Mr Carmichael has raised concerns as to the design and layout of the proposed new town stating that it is likely to be problematic in crime prevention design terms. As it stands the proposed development may not meet the requirements of Section 12 of the National Planning Policy Framework 2019 which provides that developments should create places that are safe, inclusive, and accessible and where crime and disorder, and the fear of crime, do not undermine the quality of life or community cohesion and resilience. In addition, the Ministry of Housing Communities and Local Government Planning Practice Guidance on ‘Design’ states that the following issues should be considered when designing a new community: safe, connected and efficient streets; crime prevention; security measures; and cohesive and vibrant neighbourhoods.
The Design and Access Statement submitted with Homes England’s application does not adequately deal with crime and disorder and has been produced with no advice or guidance being sought from TVP. There is no doubt that a new town of the size proposed will have an impact on local crime and disorder (anti-social behaviour), and clearly has the potential to have a significant impact on current policing resources. It is utterly astounding that Homes England has not addressed such important issues with TVP which is, sadly, indicative of the arrogance and lack of care that they have shown throughout this whole process.
There are many design concerns in relation to the proposed development. These are a selection for you to consider:
a) Parking provision: what will be provided for the proposed blocks of flats? Rear parking courts, car ports, under croft parking, or separate garages, make vehicles and the rear of properties extremely vulnerable. They also often attract anti-social behaviour and are often abandoned in favour of residents parking in front of dwellings.

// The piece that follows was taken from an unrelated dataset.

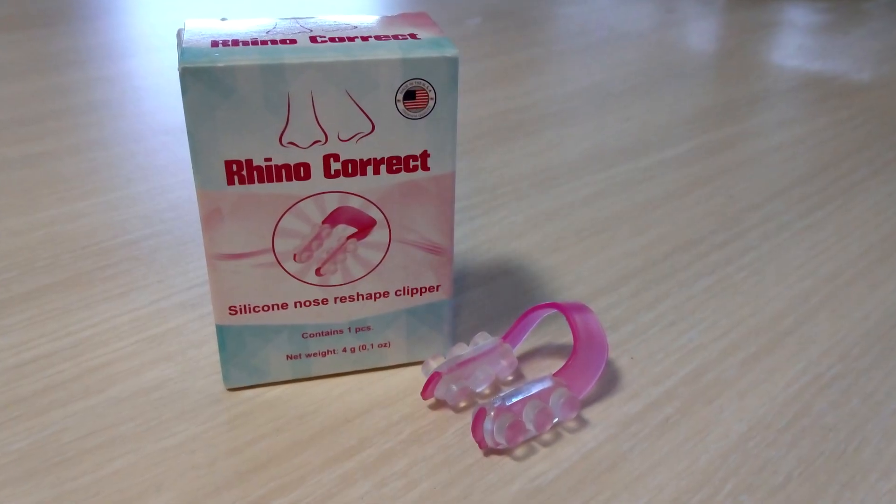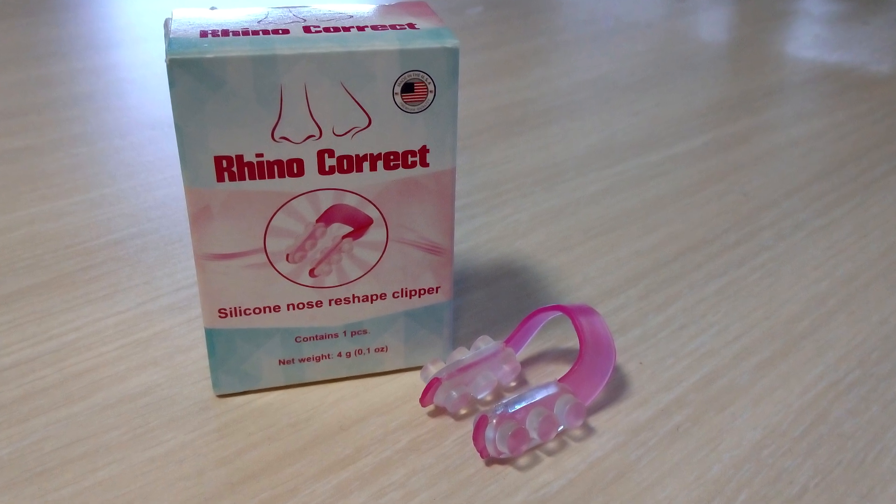So this is how it actually looks. I bought it from RhinoCorrect.com and I was a bit surprised when it came because I expected it to be bigger. Look how small it is. But I still decided to give it a try.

b) Permeability (i.e. the connectivity of a development – the extent to which it’s design permits (or restricts) the movement of people or vehicles in different directions): much is made of this by Homes England, but excessive permeability is likely to attract crime/anti-social behaviour, aid criminal search behaviour and provide escape routes for offenders.
c) Landscaping and Lighting: shrubs and trees must be kept to appropriate heights to enable clear views (natural surveillance) and avoid providing hiding places. Lighting must be provided to all streets, footpaths, cycle ways, and communal parking areas.
d) Vehicle intrusion: measures to prevent vehicle intrusion on to any segregated pedestrian routes and open public spaces must be provided.
e) Play areas and recreational facilities: careful consideration must be given to its location; equipment; lighting; landscaping etc. The design should promote enjoyment for all users and child safety, whilst deterring anti-social behaviour. Sufficient provision for our youth must also form part of the proposals.
On these issues alone the planning application should be refused. The design put forward by Homes England is ill-conceived and raises many grave concerns relating to crime and security, not just for the new residents but also existing communities.